------ RECORDS FOR THIS EXERCISE ------
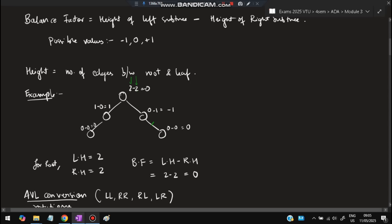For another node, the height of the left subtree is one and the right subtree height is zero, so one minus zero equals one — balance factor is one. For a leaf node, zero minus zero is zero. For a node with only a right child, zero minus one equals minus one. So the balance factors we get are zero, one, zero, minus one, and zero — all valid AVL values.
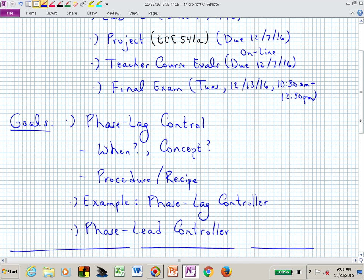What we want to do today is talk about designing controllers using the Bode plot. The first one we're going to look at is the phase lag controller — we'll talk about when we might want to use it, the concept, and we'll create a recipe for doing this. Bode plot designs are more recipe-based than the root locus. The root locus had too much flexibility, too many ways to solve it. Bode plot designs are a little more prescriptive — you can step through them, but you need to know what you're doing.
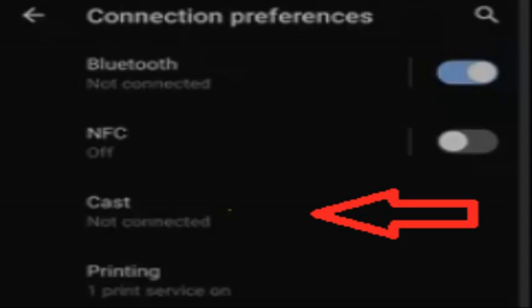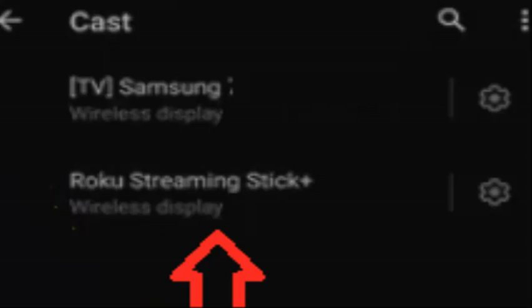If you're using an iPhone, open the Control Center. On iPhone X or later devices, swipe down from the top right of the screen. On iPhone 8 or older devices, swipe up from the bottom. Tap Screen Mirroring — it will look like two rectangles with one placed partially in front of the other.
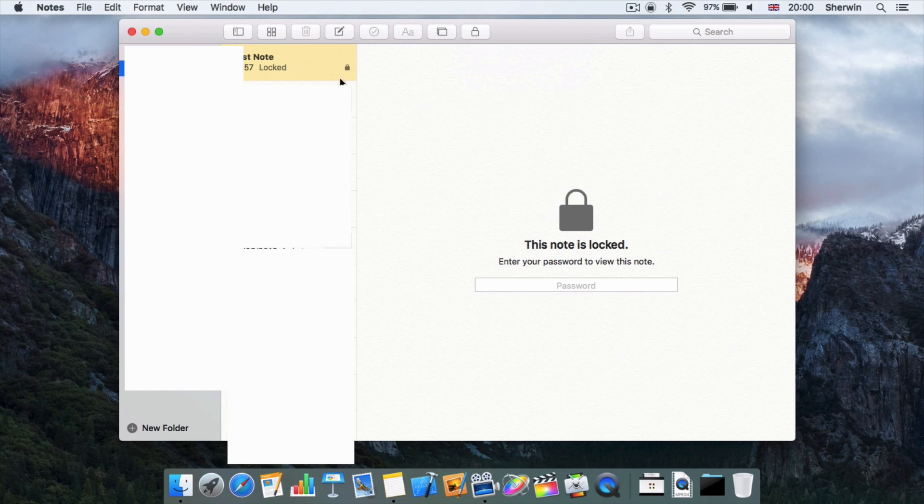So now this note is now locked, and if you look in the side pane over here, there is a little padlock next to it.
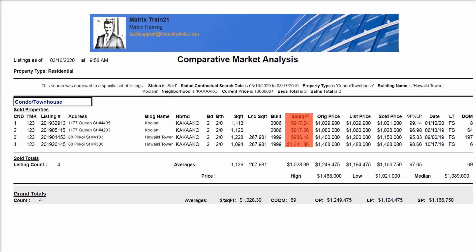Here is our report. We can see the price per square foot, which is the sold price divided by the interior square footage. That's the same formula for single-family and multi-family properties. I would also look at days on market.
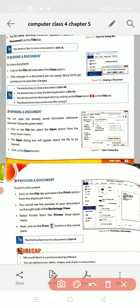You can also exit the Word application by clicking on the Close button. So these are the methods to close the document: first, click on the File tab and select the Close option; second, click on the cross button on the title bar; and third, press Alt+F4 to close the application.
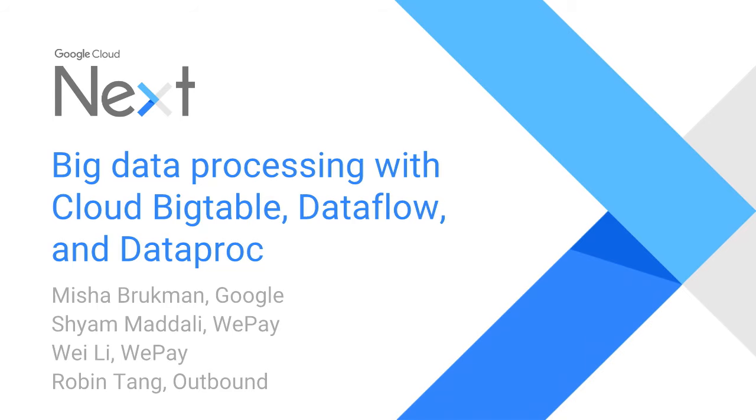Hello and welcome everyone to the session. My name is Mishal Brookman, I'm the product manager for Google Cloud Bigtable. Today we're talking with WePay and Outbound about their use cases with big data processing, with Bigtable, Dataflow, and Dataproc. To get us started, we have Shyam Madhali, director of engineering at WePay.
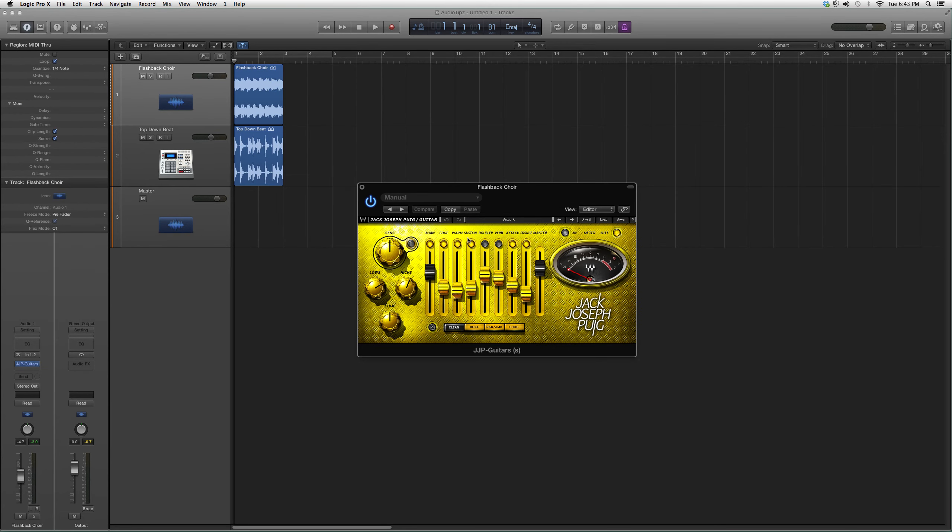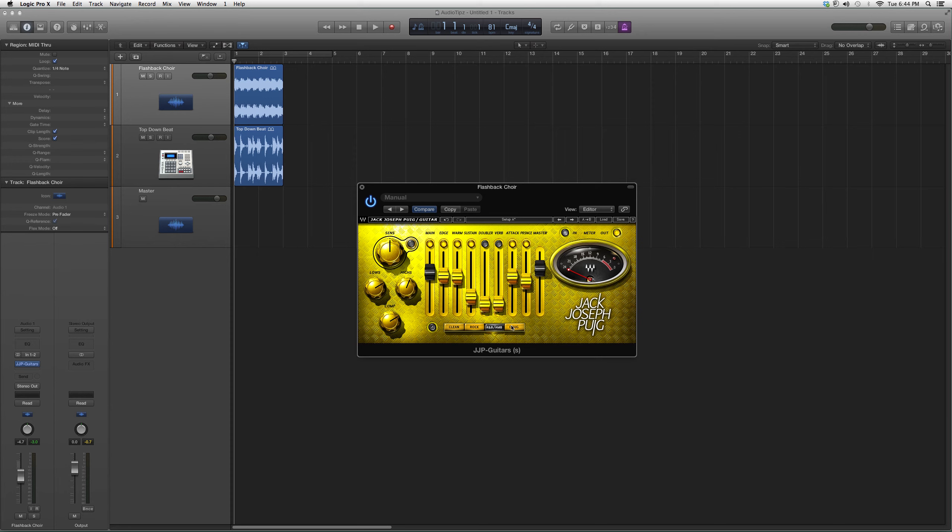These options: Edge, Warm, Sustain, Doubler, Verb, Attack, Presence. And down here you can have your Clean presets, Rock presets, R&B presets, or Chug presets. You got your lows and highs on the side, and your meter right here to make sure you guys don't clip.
------
------ RECORDS FOR THIS EXERCISE ------
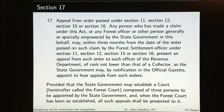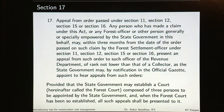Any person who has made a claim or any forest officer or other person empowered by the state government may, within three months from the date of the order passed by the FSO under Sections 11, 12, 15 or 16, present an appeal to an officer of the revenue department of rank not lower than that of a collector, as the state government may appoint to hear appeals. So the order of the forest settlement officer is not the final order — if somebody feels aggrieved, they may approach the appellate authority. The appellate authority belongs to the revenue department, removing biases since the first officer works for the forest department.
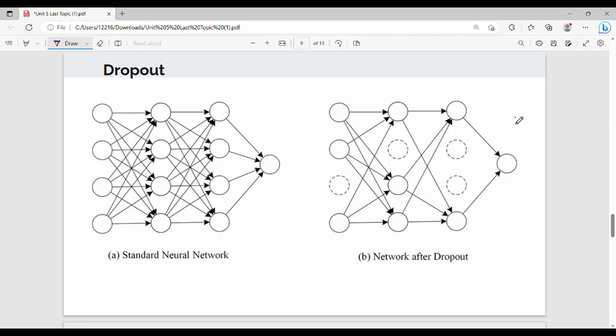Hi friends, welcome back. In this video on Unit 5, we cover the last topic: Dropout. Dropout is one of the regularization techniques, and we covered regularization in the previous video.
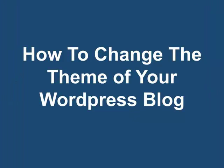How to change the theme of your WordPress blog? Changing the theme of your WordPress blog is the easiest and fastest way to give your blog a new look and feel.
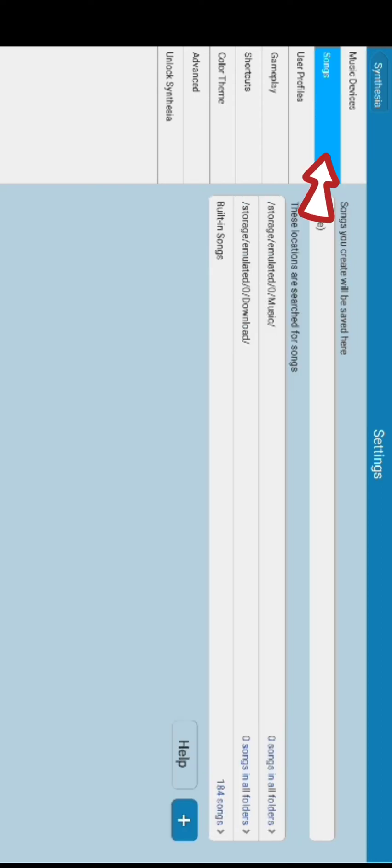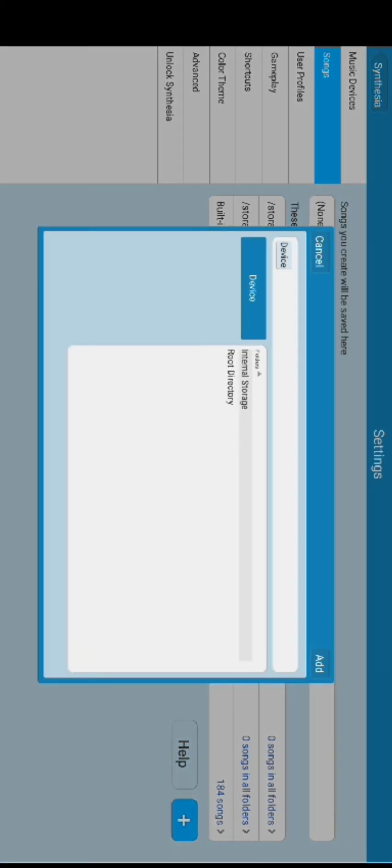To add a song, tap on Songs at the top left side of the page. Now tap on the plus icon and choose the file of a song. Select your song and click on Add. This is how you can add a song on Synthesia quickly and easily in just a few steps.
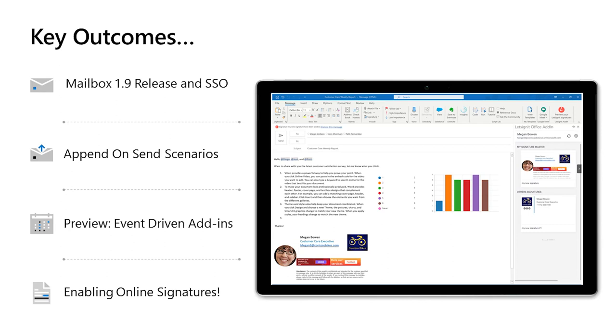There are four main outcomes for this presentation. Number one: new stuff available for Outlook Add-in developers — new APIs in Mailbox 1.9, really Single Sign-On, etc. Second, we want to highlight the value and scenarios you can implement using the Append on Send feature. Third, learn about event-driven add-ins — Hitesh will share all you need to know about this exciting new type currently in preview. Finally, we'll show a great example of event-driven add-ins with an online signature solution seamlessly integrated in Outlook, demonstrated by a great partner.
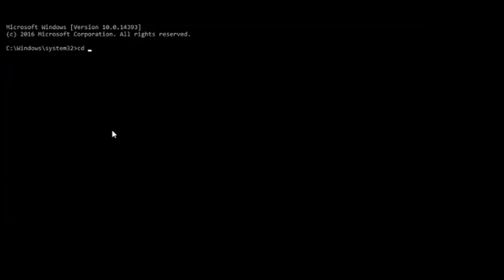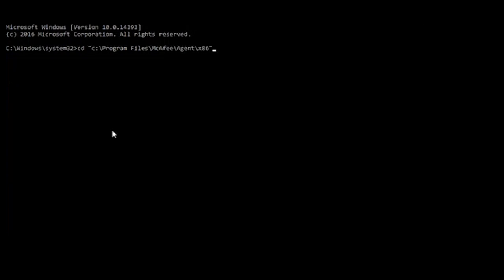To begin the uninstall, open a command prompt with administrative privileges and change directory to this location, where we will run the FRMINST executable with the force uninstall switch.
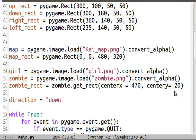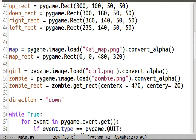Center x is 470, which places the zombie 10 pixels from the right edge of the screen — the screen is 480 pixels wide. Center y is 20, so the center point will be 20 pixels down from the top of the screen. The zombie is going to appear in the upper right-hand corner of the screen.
------
**AIM OF THE TASK:** "You can also" marks the first line to copy, and "Hello and welcome" marks the last. Repeat that stretch above exactly, with no pictures.

**EXERCISE OUTPUT:**
You can also exit the Word application by clicking on the Close button. So these are the methods to close the document: first, click on the File tab and select the Close option; second, click on the cross button on the title bar; and third, press Alt+F4 to close the application.
Hello and welcome everyone to the session. My name is Mishal Brookman, I'm the product manager for Google Cloud Bigtable. Today we're talking with WePay and Outbound about their use cases with big data processing, with Bigtable, Dataflow, and Dataproc. To get us started, we have Shyam Madhali, director of engineering at WePay.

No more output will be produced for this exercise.